Which brings me back to spot-the-fan. Looking for fans isn’t just about looking for heavyset people, or guys with big beards, or people who are sloppily dressed. Looking for fans is about looking for people who appear to have given a great deal of thought to how they dress and what they’re doing, and who have, in the process of applying all this thought to their daily lives, concluded that they would like to behave differently from the norm. It is about spotting people who are dressed as they are not because of fashion, nor because of aspiration, but because they have decided, quite deliberately, that this is the best thing for them to wear. (Before I go on, let me hasten to add that some fans are simply bad dressers with poor hygiene and grooming – but that’s hardly the exclusive province of fandom or any other subculture).

There’s something comforting about cosmopolitanism, especially if you start off as someone who’s a little bit weird or off-kilter. Cosmopolitanism comforts you with messages like, ‘‘The head cheerleader and the quarterback may rule the school, but they have no more virtue than the peacock with the biggest feathers, the goldfish with the bulgiest eyes, and in most of the cultures that ever existed, they would be thought ugly, stupid and ridiculous.’’ The haughty distance of cosmopolitanism lets you avoid the misery of the daily, earthly reality of being a social pariah – I may be a Martian, but at least I can look down on all of you from Mars and see your absurdity for what it is.

And once you start, it’s hard to stop. Reading Patterson’s recent biography of Robert A Heinlein, Learning Curve, I was struck by how much fringey stuff old RAH dabbled in: telepathy, radical politics, polyamory (or ‘‘companionate marriage,’’ as it was called in his day), nudism, and all manner of funny business, all of which is reflected in his books, and all of which can be summed up with ‘‘all laws are local.’’

That takes me to the Web, and to ‘‘Rule 34’’: ‘‘If it exists, there is porn of it. No exceptions.’’ (Charlie Stross has recently completed a book called Rule 34, which sounds like a hoot). Rule 34 can be thought of as a kind of indictment of the Web as a cesspit of freaks, geeks and weirdos, but seen through the lens of cosmopolitanism, Rule 34 suggests that the Web has given us all the freedom to consider that the rules we bind ourselves by are merely local quirks, and to take the liberty to turn our sweaters inside out, practice exotic forms of vegetarianism, or have sex while wearing giant anthropomorphic animal costumes.
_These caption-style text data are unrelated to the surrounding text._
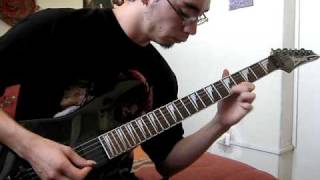 Coroner - Nosferatu (With Intro) (Cover By JP)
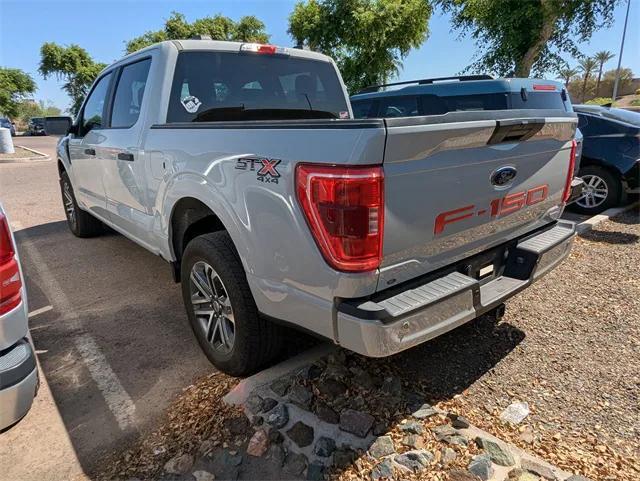 used 2023 Ford F-150 car, priced at $38,995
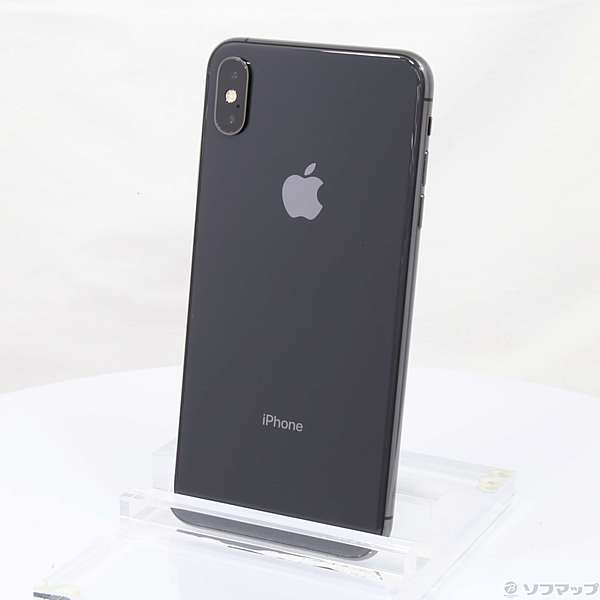 Apple【今限定】iphoneXs Max ブラック 512gb 値下げ‼️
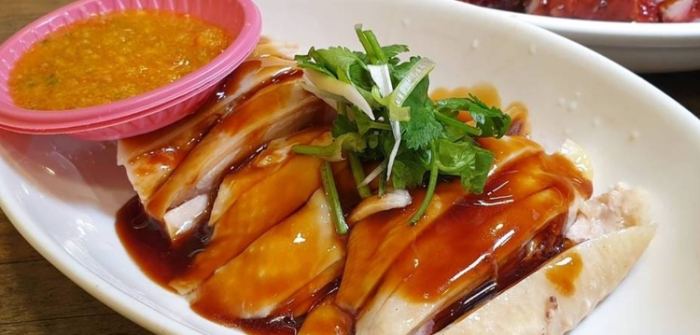 板橋泰式料理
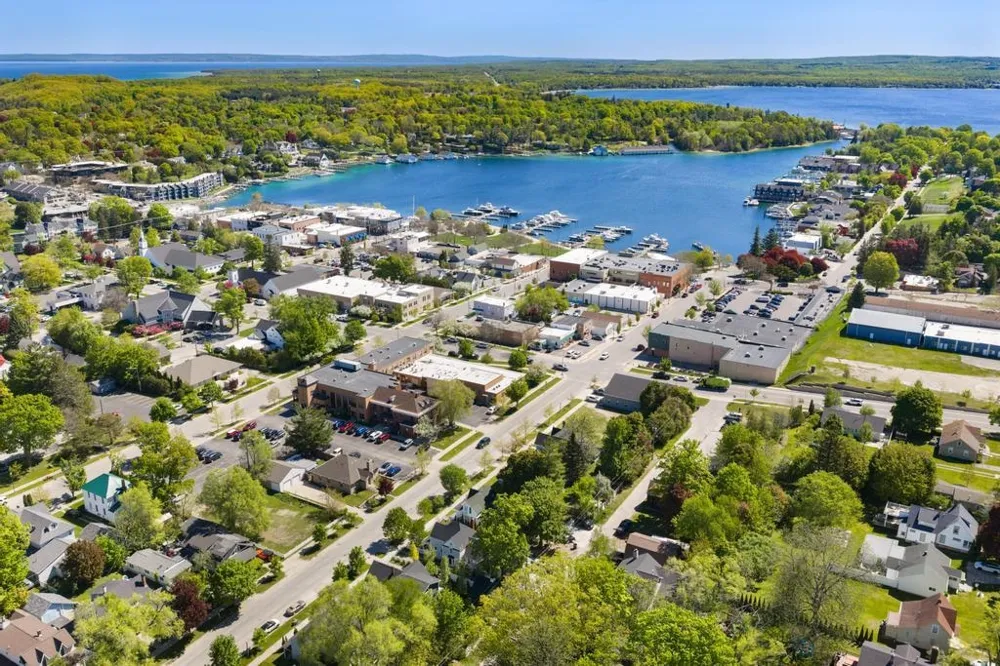 214 Newman Street Charlevoix Township, MI 49720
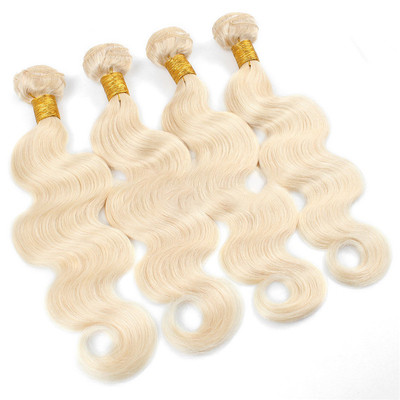 El pelo más largo proporción 55% Halo vietnamita virgen natural 613 miel cabello rubio rizado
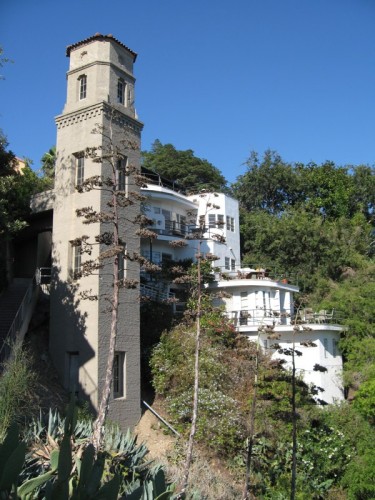 Hollywood Hightower building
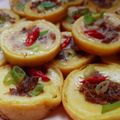 Cooksnap dari Fitri Maukar untuk resep Kue lumpur asin abon pedas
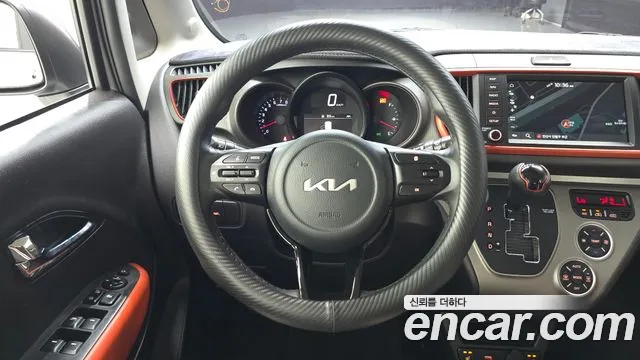 Kia RAY Новый Ray Signature — Фото автомобиля 12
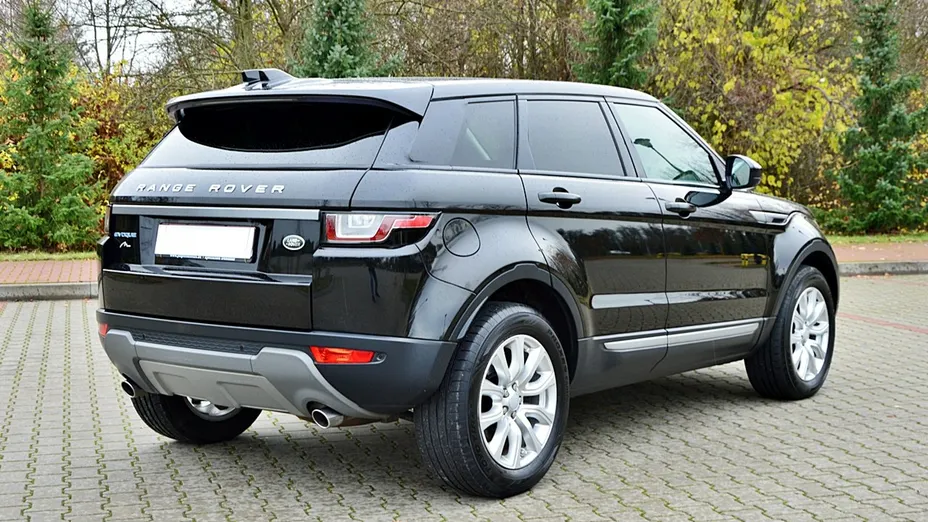 LAND ROVER Range Rover Evoque -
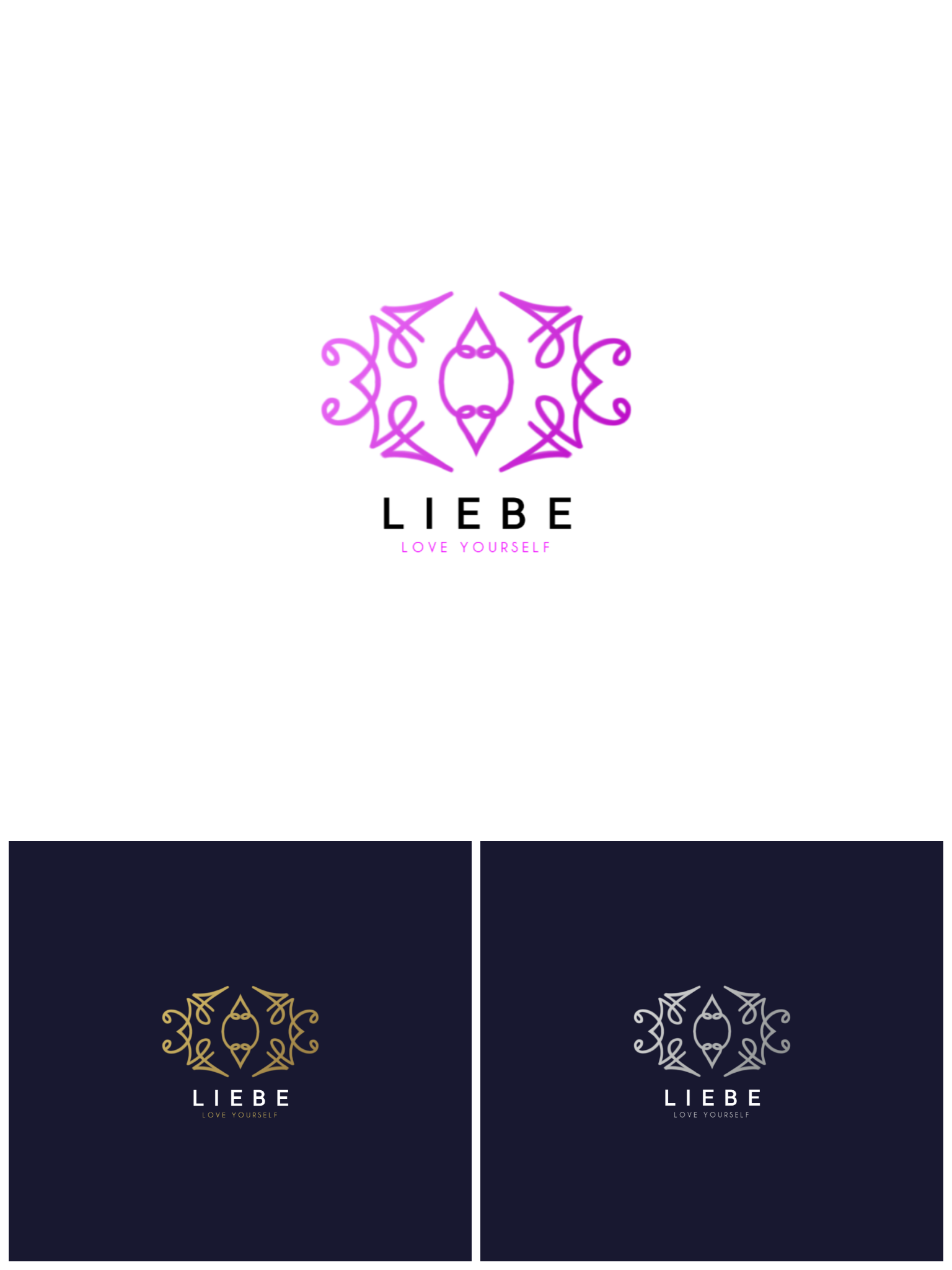 Logo Design by DianBagusH for Liebe Skin Care | Design #23010380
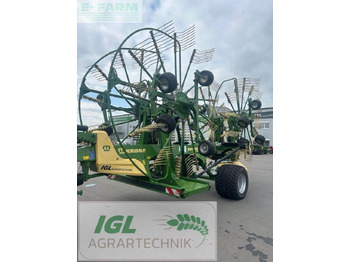 Obraceč/ Shrnovač Krone swadro tc 1370: obrázek 2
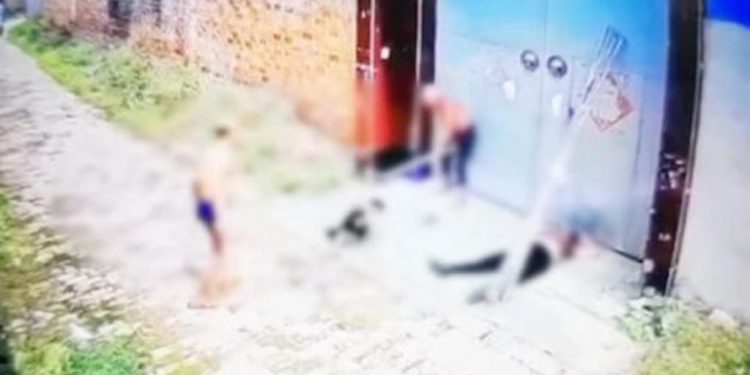 Gadis Berusia 3 Tahun dan Neneknya Dipukuli Dengan Sekop Dalam Serangan Balas Dendam yang Mengerikan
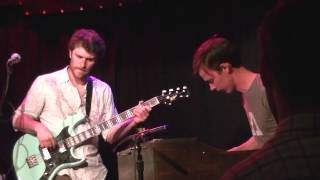 Miles Nielsen and the Rusted Hearts-Don't Let Me Down (Beatles cover) Madison,WI 5-1-13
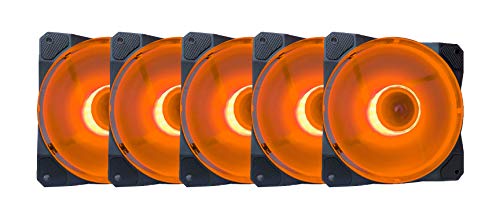 Apevia Cosmos 5-Pack - Case Fan
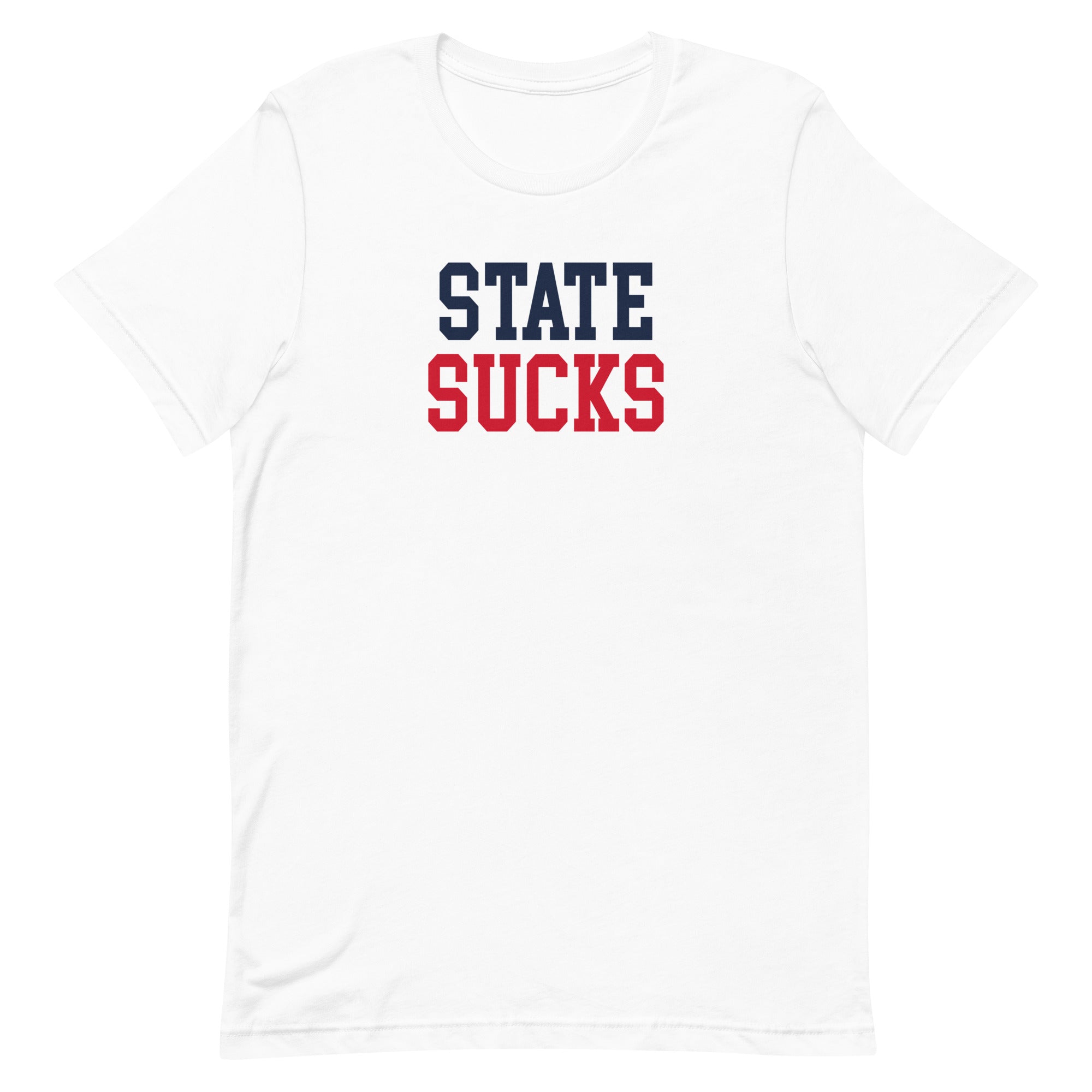 Mississippi State Sucks Ole Miss Rivalry T Shirt - rivalryweek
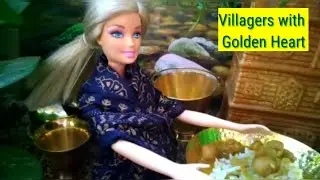 Villagers with Golden Heart/ Voiceover/ #Storytime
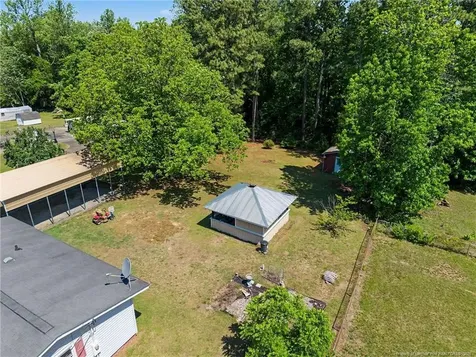 420 Wallace Mclean Road Raeford NC 28376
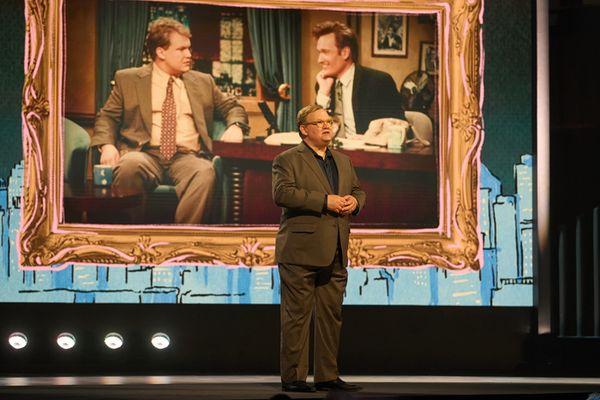 Andy Richter Photo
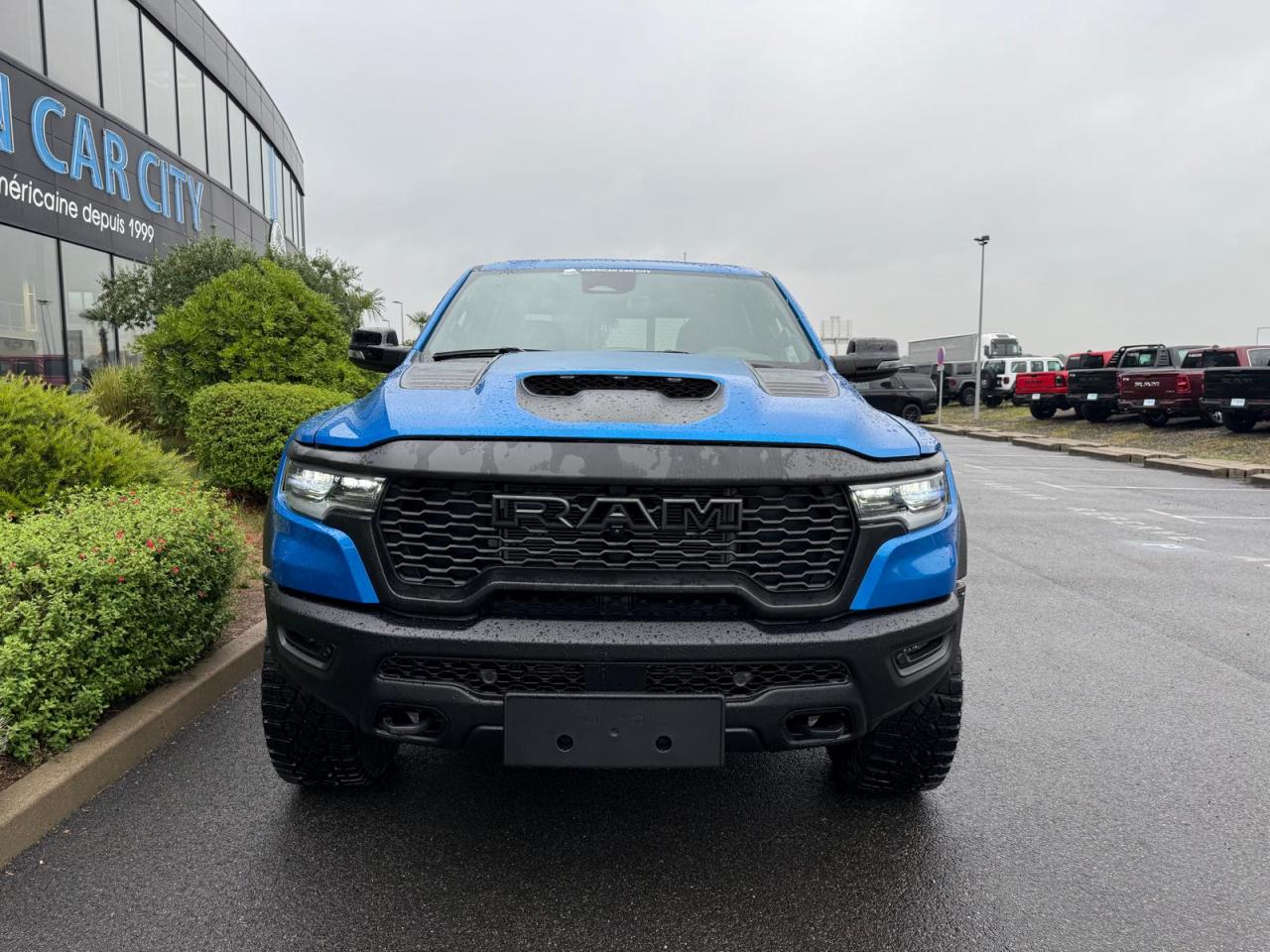 DODGE RAM RHO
Rule 34 bespeaks a certain sophistication – a gourmet approach to life. As Kevin Kelly points out in his excellent new book, What Technology Wants, a gourmet isn’t someone who shovels everything he can get hold of into his gob; rather, it’s someone who looks long and hard at all the available options and picks the ones he finds best. Kelly’s definition is an important one, because it provides a roadmap to a sophisticated approach to any product or practice; for example, this definition makes the Amish into the world’s greatest technophile, since the avant-garde of Amish hackers try every new technology, evaluate whether it fits well into Amish life, and report back to the wider community who decide whether and how to adopt the tool or service based on what it is likely to do to their lives. While the rest of us are gobbling up new technologies like they were $0.99 Super Big Meals, the Amish are carefully tweezering out the best bits and leaving the rest behind.

Rule 34, the Amish, and fandom’s willingness to wear its sweaters inside-out are the common thread running through the 21st century’s social transformations: we’re finding a life where we reevaluate social norms as we go, tossing out the ones that are empty habit or worse, and enthusiastically adopting the remainder because of what it can do for our lives. That is modern, sophisticated, gourmet cosmopolitanism, and it’s ever so much more fun the old cosmopolitanism obsession with how they’re wearing their cuffs in Paris, or what’s on at the Milan opera.